DATA FOR THIS TASK START

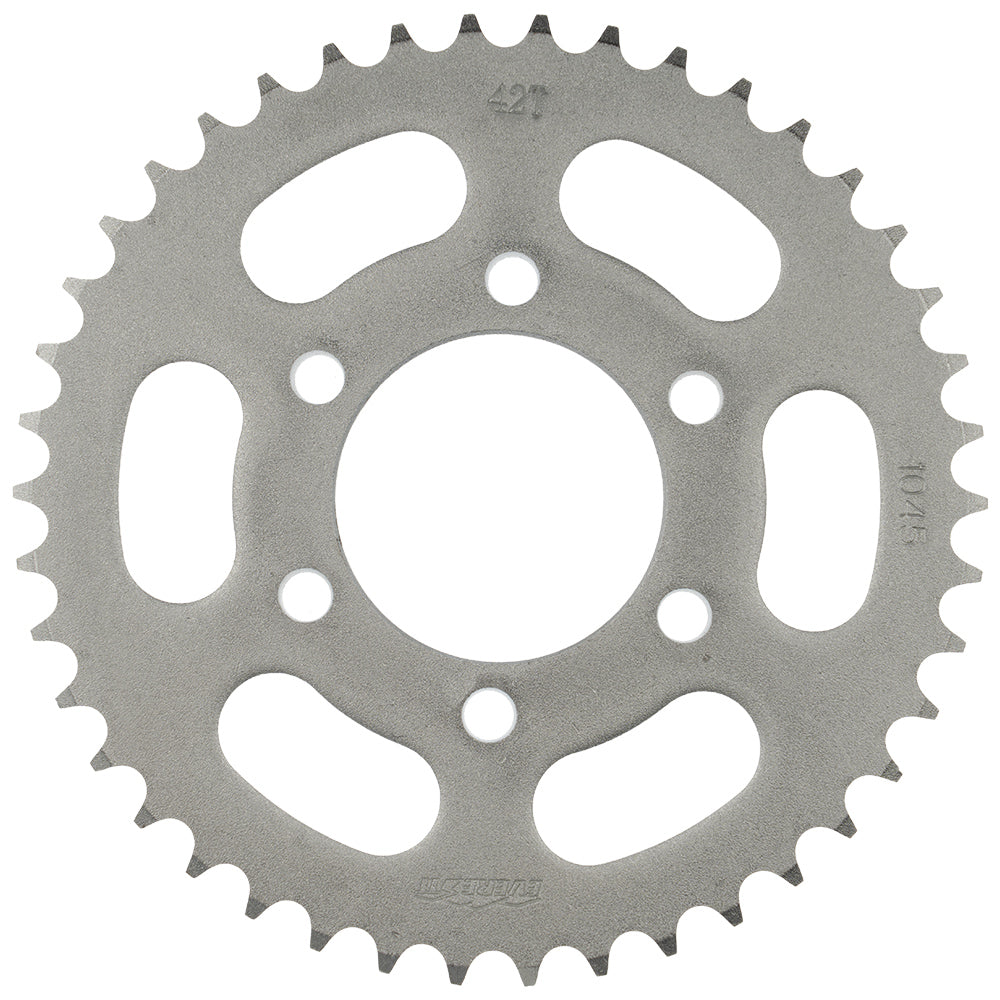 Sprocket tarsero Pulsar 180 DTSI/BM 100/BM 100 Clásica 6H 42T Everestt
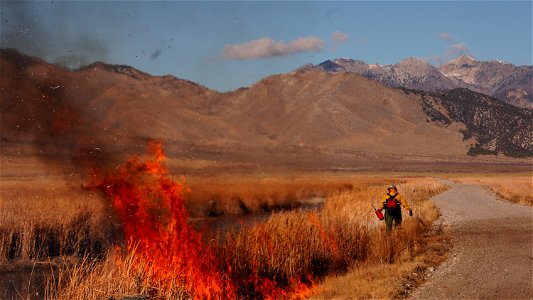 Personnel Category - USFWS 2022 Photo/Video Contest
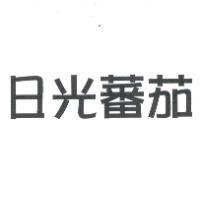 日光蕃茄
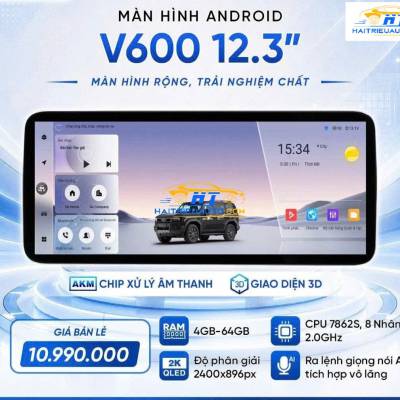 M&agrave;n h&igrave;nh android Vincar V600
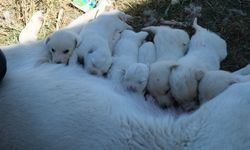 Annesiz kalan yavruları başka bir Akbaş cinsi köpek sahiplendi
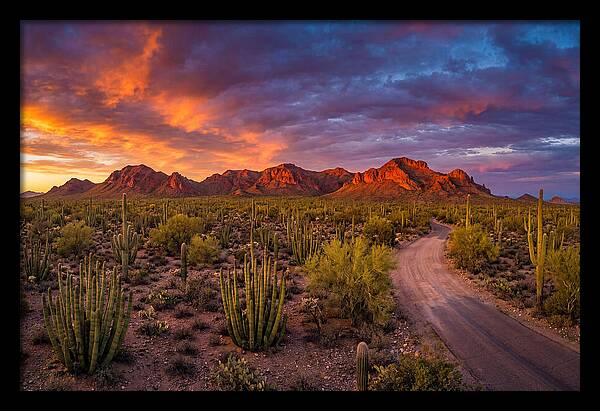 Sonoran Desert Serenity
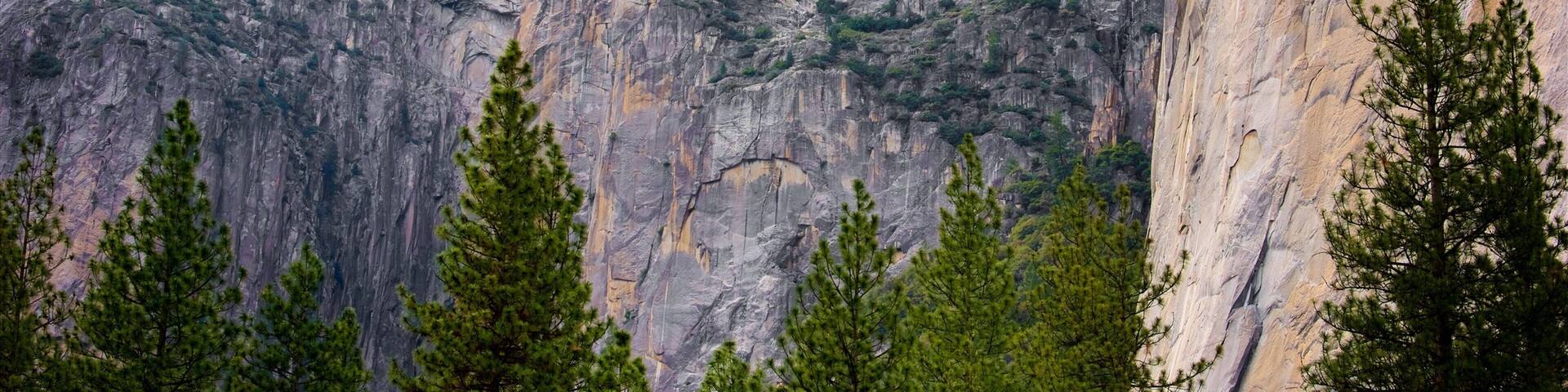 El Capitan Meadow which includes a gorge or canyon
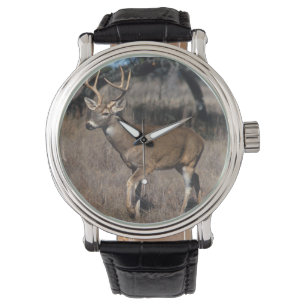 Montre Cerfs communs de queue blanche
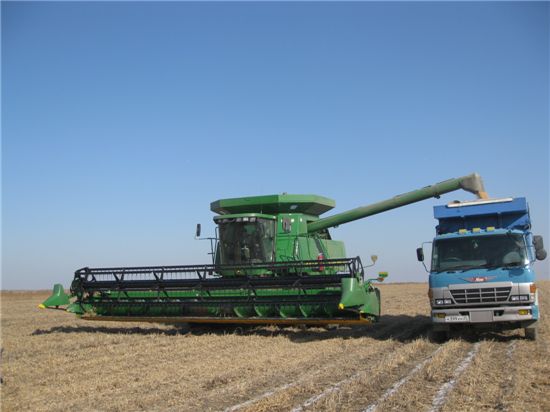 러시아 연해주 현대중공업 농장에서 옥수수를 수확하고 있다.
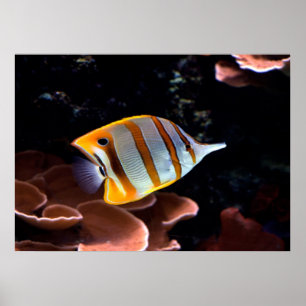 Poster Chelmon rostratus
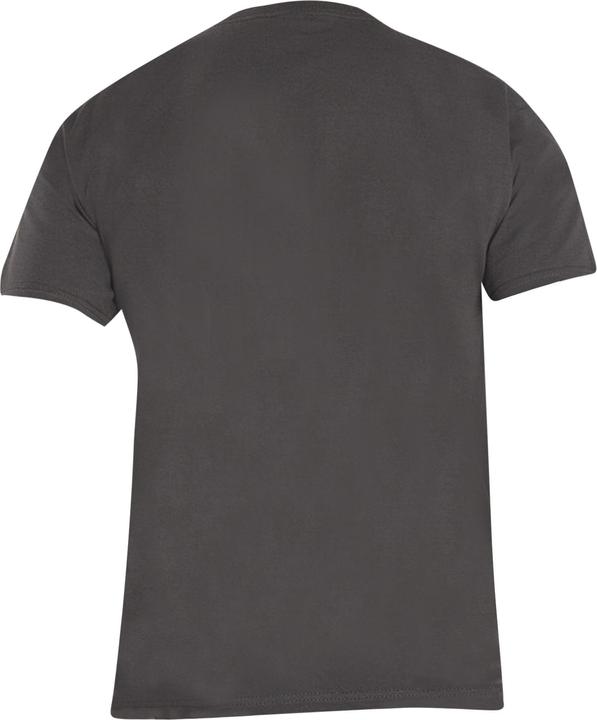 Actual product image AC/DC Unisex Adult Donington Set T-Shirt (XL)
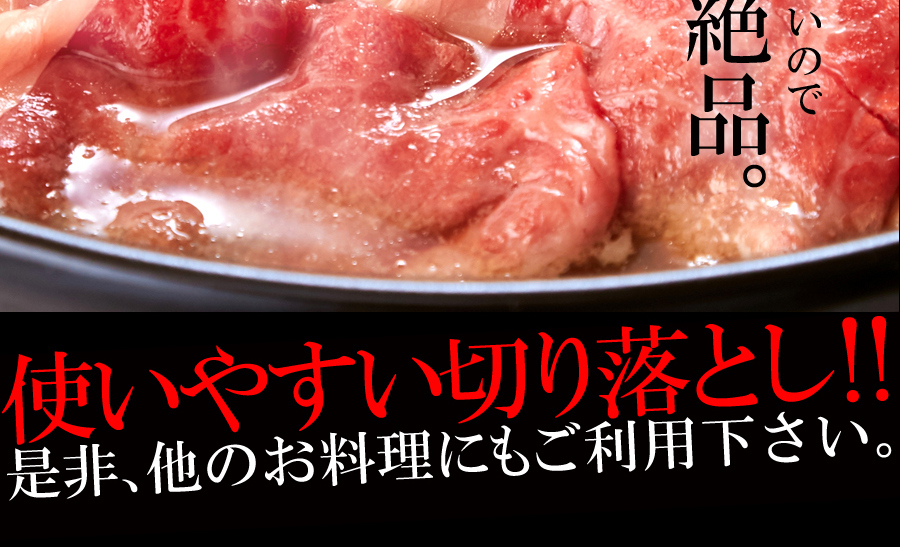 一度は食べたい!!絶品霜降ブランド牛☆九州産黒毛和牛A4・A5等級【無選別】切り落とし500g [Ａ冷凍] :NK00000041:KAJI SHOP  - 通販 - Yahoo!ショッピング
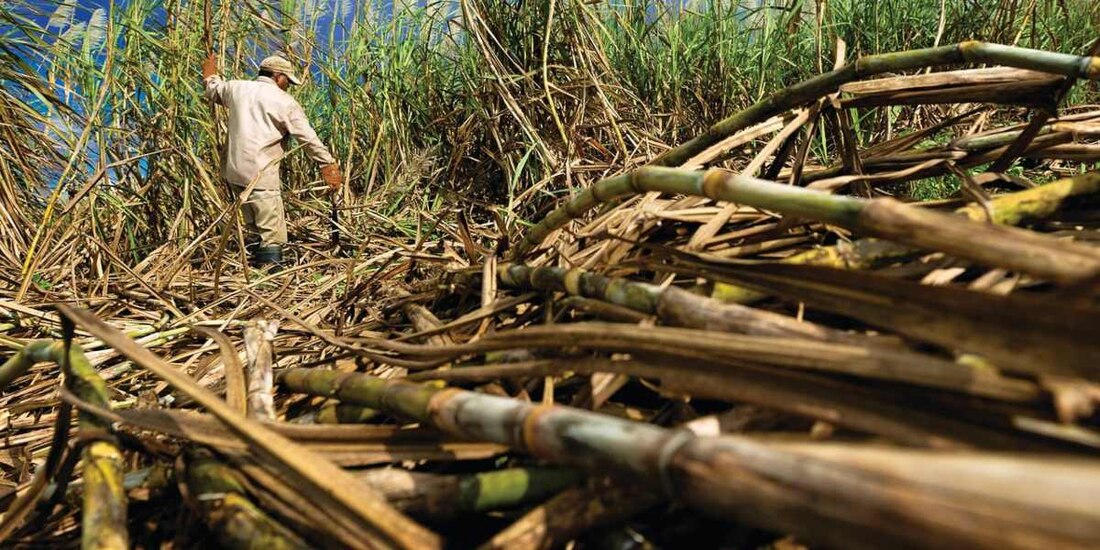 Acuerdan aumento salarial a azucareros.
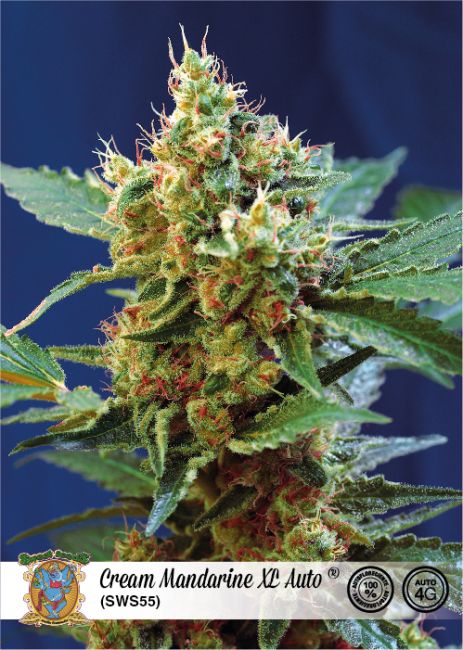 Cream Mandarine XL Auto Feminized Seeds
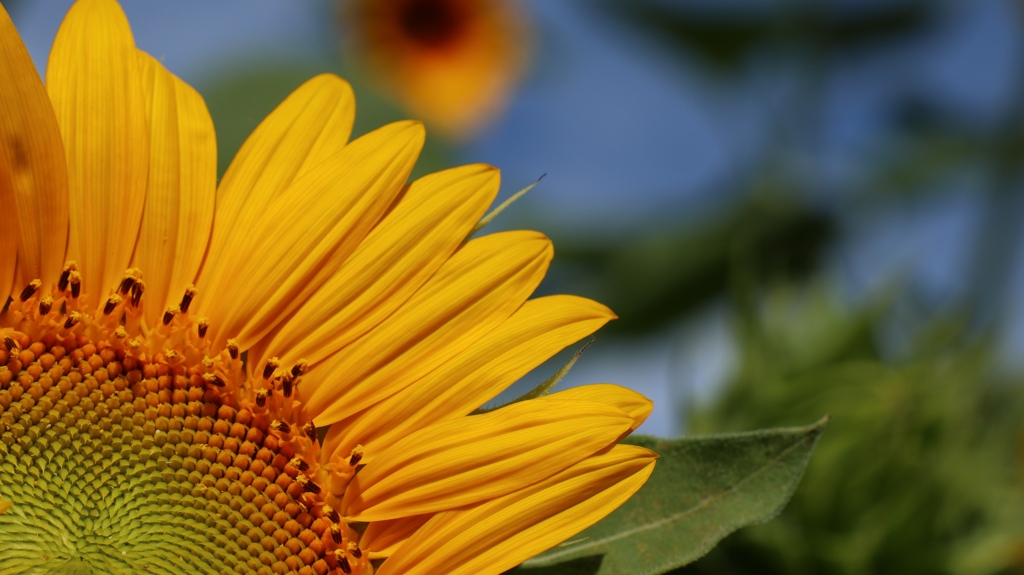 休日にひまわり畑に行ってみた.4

DATA FOR THIS TASK END

| TASK REQUIREMENTS |
No picture belongs in the answer; the rest of the records must be repeated exactly.

| WRITTEN ANSWER |
 Sprocket tarsero Pulsar 180 DTSI/BM 100/BM 100 Clásica 6H 42T Everestt
 Personnel Category - USFWS 2022 Photo/Video Contest
 日光蕃茄
 M&agrave;n h&igrave;nh android Vincar V600
 Annesiz kalan yavruları başka bir Akbaş cinsi köpek sahiplendi
 Sonoran Desert Serenity
 El Capitan Meadow which includes a gorge or canyon
 Montre Cerfs communs de queue blanche
 러시아 연해주 현대중공업 농장에서 옥수수를 수확하고 있다.
 Poster Chelmon rostratus
 Actual product image AC/DC Unisex Adult Donington Set T-Shirt (XL)
 一度は食べたい!!絶品霜降ブランド牛☆九州産黒毛和牛A4・A5等級【無選別】切り落とし500g [Ａ冷凍] :NK00000041:KAJI SHOP  - 通販 - Yahoo!ショッピング
 Acuerdan aumento salarial a azucareros.
 Cream Mandarine XL Auto Feminized Seeds
 休日にひまわり畑に行ってみた.4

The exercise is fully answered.